Pasta continues to get a lot of flack from the healthy-living community. Diet trends teach us to nay-say carbs and gluten, and research shows that enriched white and semolina pastas contain little-to-no nutrients. Here to fight the anti-pasta movement, however, is a new generation of whole-grain and rice pastas that are breaking the pasta mold. In fact, recent studies from the American Journal of Clinical Nutrition and Journal of the American College of Cardiology show that consuming whole grains can actually help lower the risk of heart disease. So, before you cut pasta out of your diet completely, check out these five options—all of which can accommodate a variety of dietary needs and satisfy the pasta lover in all of us.
Whole-Wheat Pasta: Compared to its white-pasta counterpart, whole-wheat pasta offers a higher protein and fiber count. This is because the flour in the pasta is left whole instead of being stripped down during the milling process. It stands out because of its nuttier flavor that mixes well with heartier sauces.
Spelt Pasta: Made from the whole grain spelt, spelt pastas also pack a powerful a fiber- and protein-filled punch. An ancient variety of wheat, spelt can be easier to digest than its modern wheat counterpart, and like whole-wheat pasta, it has a nuttier flavor. (Note: When buying spelt pasta, make sure to check the label to see that the pasta is being made from the whole grain, as some versions of spelt pasta are made from refined spelt. Whole grains are more complete, and therefore provide more nutrients to the body.)
Brown Rice Pasta: A perfect pasta option for those who have gluten restrictions in their diet, brown rice pasta is also high in protein and fiber. Even better, its mild flavor and longer cooking time make it an ideal option for cooking newbies who tend to overcook their food. (Note: This is not the case for Asian rice noodles, which cook very quickly and can become mushy.)

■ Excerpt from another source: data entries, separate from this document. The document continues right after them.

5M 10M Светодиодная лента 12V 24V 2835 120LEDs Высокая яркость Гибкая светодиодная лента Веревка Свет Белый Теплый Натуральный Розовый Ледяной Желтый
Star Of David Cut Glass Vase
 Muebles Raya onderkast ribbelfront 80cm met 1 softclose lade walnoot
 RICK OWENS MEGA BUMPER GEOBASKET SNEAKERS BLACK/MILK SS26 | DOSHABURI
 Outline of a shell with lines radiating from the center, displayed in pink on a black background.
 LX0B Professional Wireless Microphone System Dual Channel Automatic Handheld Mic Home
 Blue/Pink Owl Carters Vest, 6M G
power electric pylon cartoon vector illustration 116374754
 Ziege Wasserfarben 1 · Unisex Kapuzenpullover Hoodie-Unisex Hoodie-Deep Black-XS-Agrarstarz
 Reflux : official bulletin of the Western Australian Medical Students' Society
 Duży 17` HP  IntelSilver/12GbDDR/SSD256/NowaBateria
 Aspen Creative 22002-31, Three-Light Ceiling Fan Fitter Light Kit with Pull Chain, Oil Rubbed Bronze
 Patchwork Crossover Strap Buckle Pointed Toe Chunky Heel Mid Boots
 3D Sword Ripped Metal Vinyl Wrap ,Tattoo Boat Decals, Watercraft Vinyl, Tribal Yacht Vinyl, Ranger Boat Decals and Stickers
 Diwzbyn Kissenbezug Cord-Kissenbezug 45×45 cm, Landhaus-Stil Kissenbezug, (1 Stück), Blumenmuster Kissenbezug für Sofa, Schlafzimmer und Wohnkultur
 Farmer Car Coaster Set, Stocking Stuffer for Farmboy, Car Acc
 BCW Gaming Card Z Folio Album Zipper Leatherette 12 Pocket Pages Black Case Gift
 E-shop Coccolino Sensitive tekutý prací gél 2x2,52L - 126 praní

Quinoa Pasta: Another ideal option for gluten-free eaters, quinoa pasta has a stronger flavor and chewier texture than brown rice pasta. Quinoa pasta makes a good substitute for pasta salads and other pasta side dishes since the pasta itself is more durable and more likely to retain its form.
Buckwheat Pasta: The other member of the gluten-free pasta family is the buckwheat noodle, which is usually made from 100 percent buckwheat. Its toasty flavor makes it a good option for stir-fries, noodle soups and salads. (Note: If you’re eating gluten free, make sure to read the label because some buckwheat pastas can contain wheat flour).